Proud of his work, Syd invited old friend and ally Mick Rock to take some photographs. Keen to experiment with a Pentax he'd recently bought from Po at Hipgnosis, Mick called round a couple of times but to no avail. Instead Rock was roped into the Hipgnosis shoot, which by today's standards was extremely ad hoc. Mick arrived first, to find Syd still in bed. Rock snapped a few documentary shots of Barrett in his underpants on his island-mattress, before Syd donned a pair of paint-stained trousers and Iggy added kohl to his eyes to give him that elegantly wasted look. Syd hadn't painted the entire floor and there was only one clean angle if you didn't want to expose his 'set' for what it was: a drab, domestic room with an ugly electric fire. Mick then composed more considered shots, using the perspective of the floorboards, clean backgrounds, and natural light behind the camera.

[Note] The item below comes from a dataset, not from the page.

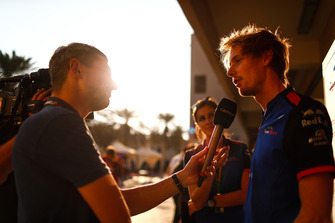 Brendon Hartley, Scuderia Toro Rosso, talks to the press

[QUOTE]Mick Rock: "Iggy answered the door and was completely naked - as a student/hippy thing that didn't seem unusual. I didn't know what I wanted to be when I did the Madcap session - a lyricist or writer. I'd only started taking pictures a few months earlier. But something that day clicked in my aesthetic brain. I don't think we even talked about the record. I didn't take many photos that day, maybe two and half rolls in all. The painted floorboards, the outside shots with the car and Iggy were just elements that happened to be around. None of it was planned, I just got lucky. He didn't even finish painting around the bed; he just painted round all the furniture. It was a magical day. He looked like a poete maudit, something out of Rimbaud. Doomed rocker or dark star, as a paper called him. We both wanted the 'feet' picture for the cover, that looked more like The Madcap Laughs than the Storm cover, but history is what it is. I was in no position to argue, I was just a kid. Hipgnosis put all the artwork together, I was barely out of college and Storm was commander-in-chief of artwork…”[/QUOTE]
When Thorgerson arrived his sole focus was the strongest element in the room: the floor. He worked fast in fading light, placing a wide-angled lens millimetres off the ground to create an Alice In Wonderland effect, giving the floorboards an elastic quality. Drama was also implied by the steep perspective and ethereal sidelight, directing the eye to the crouching Barrett. He isn't athletically poised but suggests defiant exhaustion and a dark edge of 'knowing'. The only other element were the wilting daffodils: possibly a Barrett in-joke, a symbol of his rebirth and inevitable downfall?
>> Storm Thorgerson: I think the only person with me [that day] was Mick Rock. Hipgnosis was approached and Po was busy so I went along... I don't normally take the photos.
> There seems to be a lot of confusion about who took the cover photo...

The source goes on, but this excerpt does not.